● **Problem to work on**
Strip out the pictures and output each remaining line of the data word for word.

● **Source material**
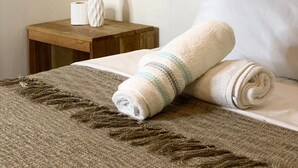 A neatly made bed with rolled towels, a small wooden nightstand with a plant and a roll of toilet paper. - Malayah Hostel (General Luna)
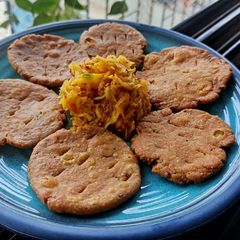 A picture of Basic mathri with mango pickle.
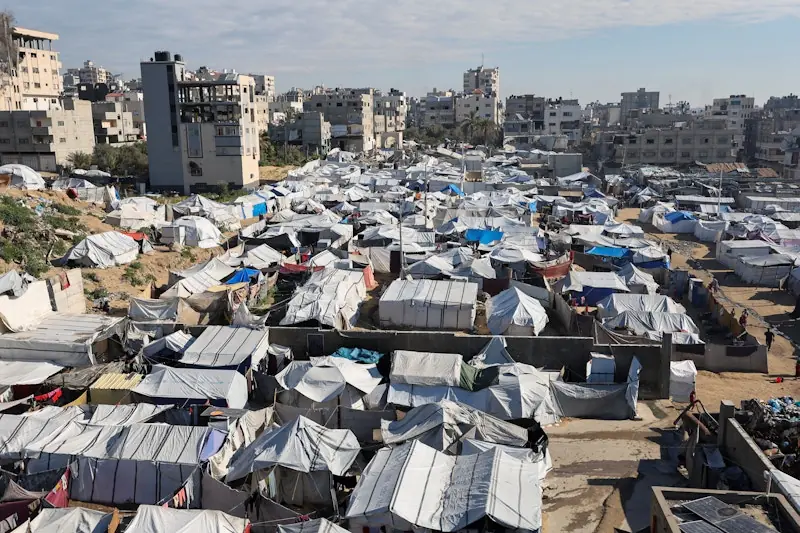 Displaced Palestinians shelter at a tent camp in Gaza City. – Reuters Displaced Palestinians shelter at a tent camp in Gaza City. – Reuters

● **Completed task**
 A neatly made bed with rolled towels, a small wooden nightstand with a plant and a roll of toilet paper. - Malayah Hostel (General Luna)
 A picture of Basic mathri with mango pickle.
 Displaced Palestinians shelter at a tent camp in Gaza City. – Reuters Displaced Palestinians shelter at a tent camp in Gaza City. – Reuters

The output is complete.